======== Record set ========

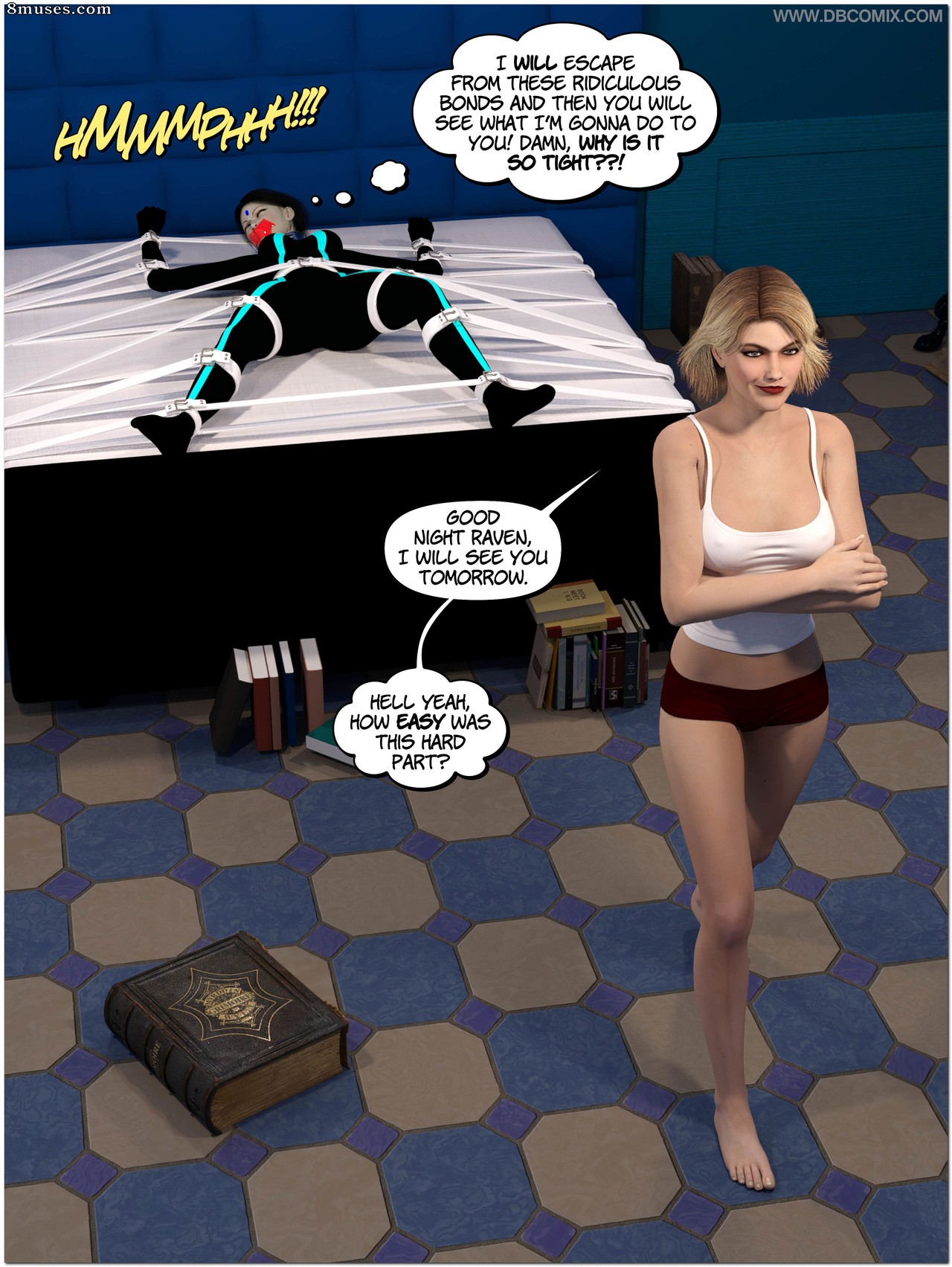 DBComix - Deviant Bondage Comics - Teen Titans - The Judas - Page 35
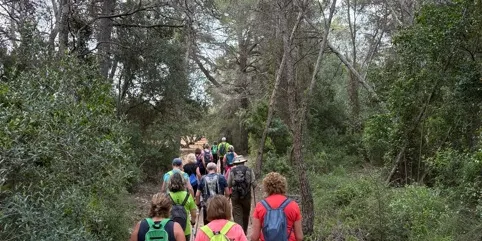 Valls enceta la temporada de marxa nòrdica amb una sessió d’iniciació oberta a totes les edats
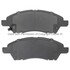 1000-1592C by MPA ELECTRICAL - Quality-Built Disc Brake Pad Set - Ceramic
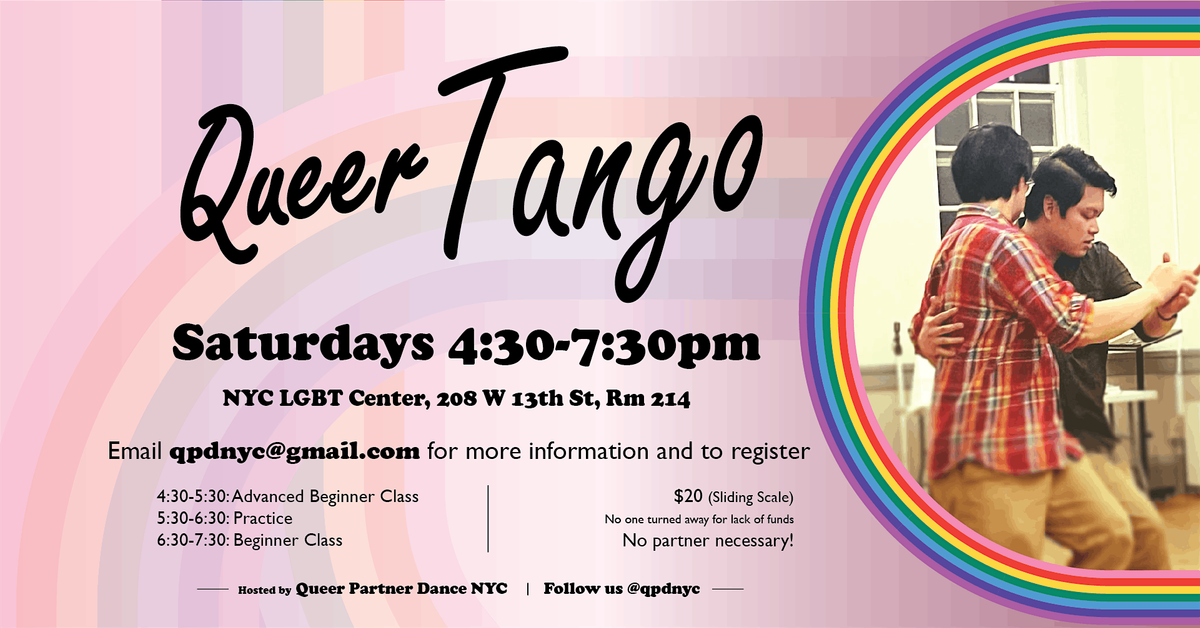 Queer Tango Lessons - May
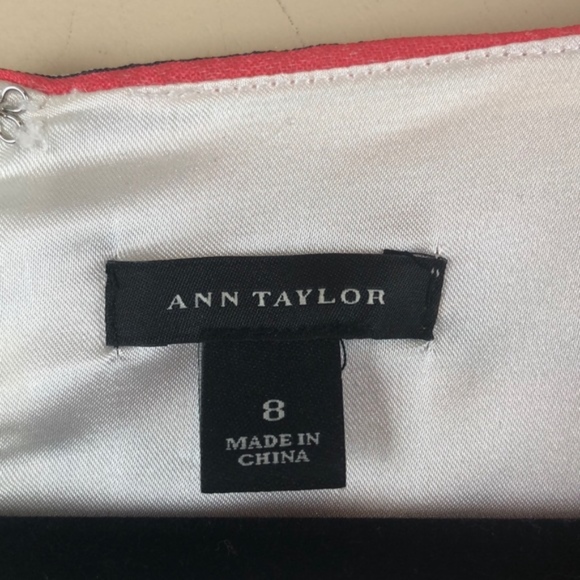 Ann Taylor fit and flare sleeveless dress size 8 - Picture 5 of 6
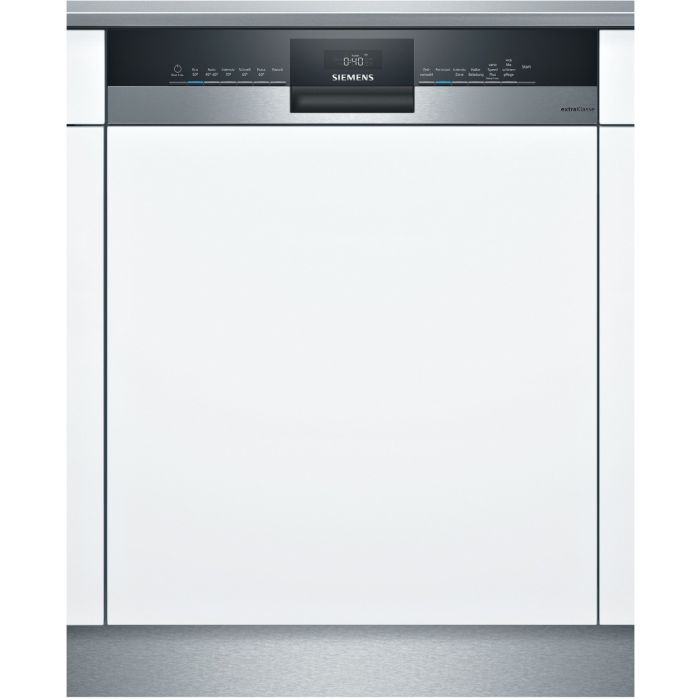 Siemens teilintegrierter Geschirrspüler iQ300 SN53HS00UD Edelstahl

========

Write out again, exactly, each line from the one containing "Valls enceta la" through the last line of the entries, and omit every picture.

Solution to the exercise:
 Valls enceta la temporada de marxa nòrdica amb una sessió d’iniciació oberta a totes les edats
 1000-1592C by MPA ELECTRICAL - Quality-Built Disc Brake Pad Set - Ceramic
 Queer Tango Lessons - May
 Ann Taylor fit and flare sleeveless dress size 8 - Picture 5 of 6
 Siemens teilintegrierter Geschirrspüler iQ300 SN53HS00UD Edelstahl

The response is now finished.